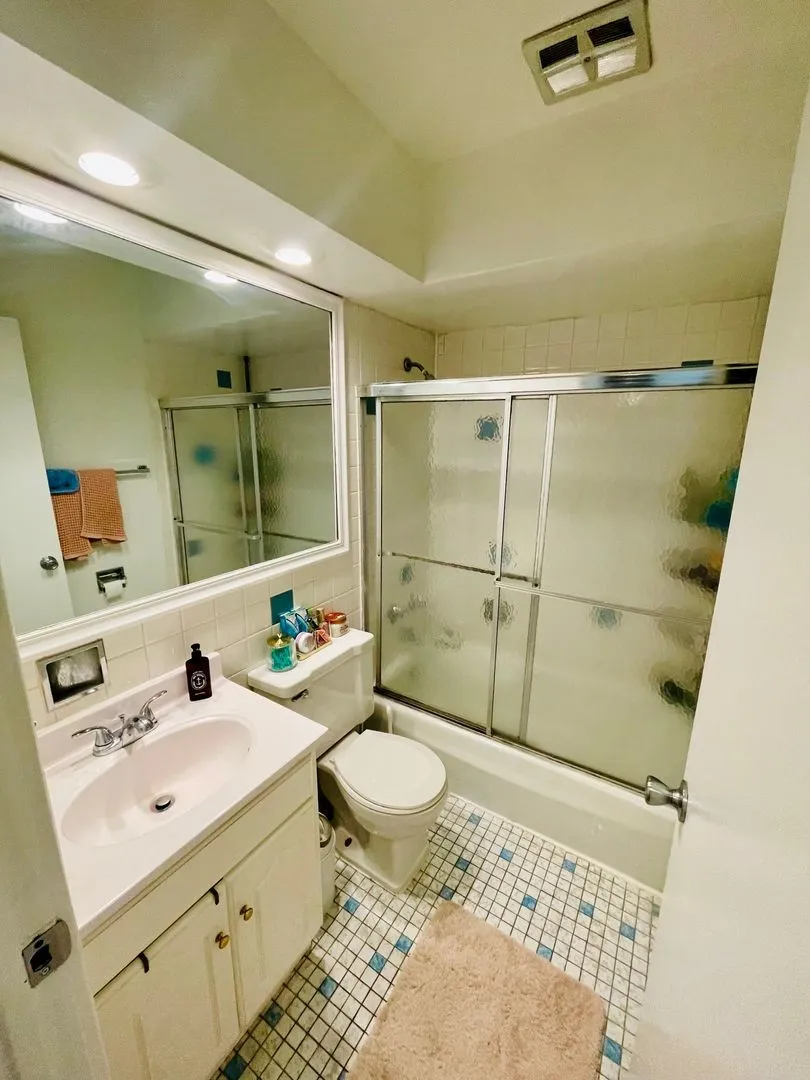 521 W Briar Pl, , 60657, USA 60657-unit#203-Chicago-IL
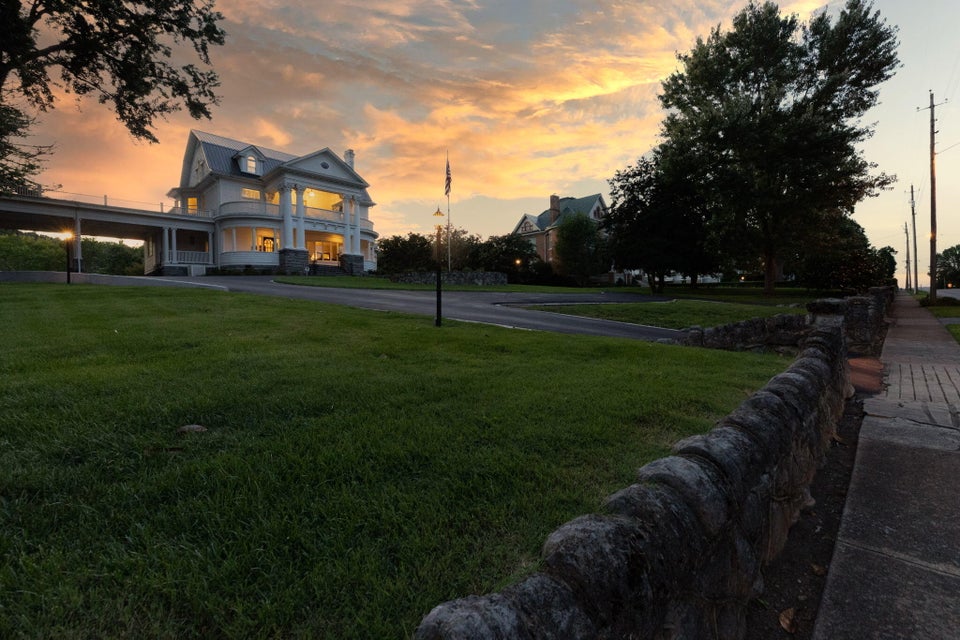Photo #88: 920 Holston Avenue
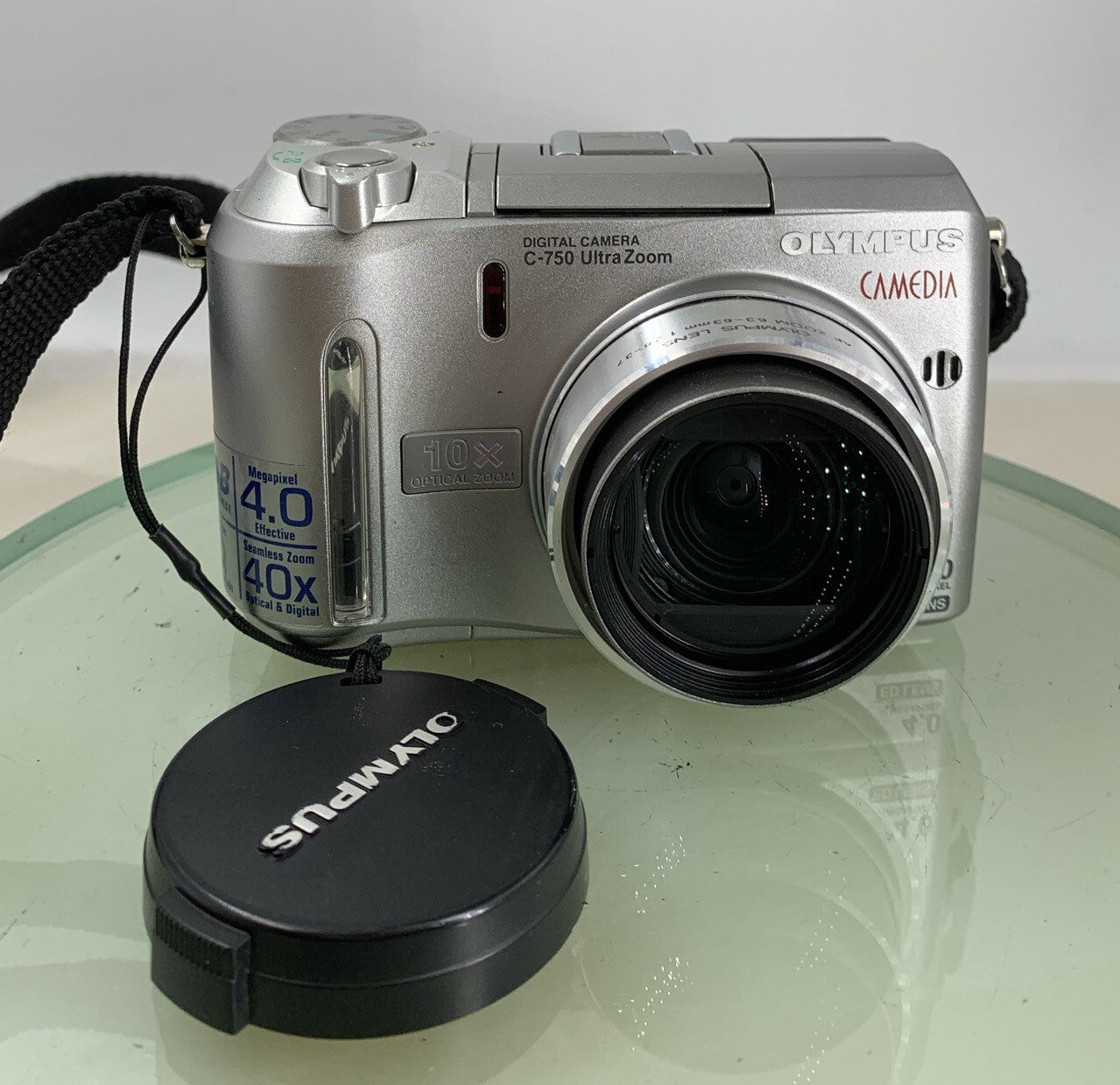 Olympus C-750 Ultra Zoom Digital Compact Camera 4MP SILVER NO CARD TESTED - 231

HOW TO COMPLETE THIS TASK: From start to finish, output the listing exactly, but omit its pictures.

SOLUTION FOR THIS EXERCISE:
 521 W Briar Pl, , 60657, USA 60657-unit#203-Chicago-IL
Photo #88: 920 Holston Avenue
 Olympus C-750 Ultra Zoom Digital Compact Camera 4MP SILVER NO CARD TESTED - 231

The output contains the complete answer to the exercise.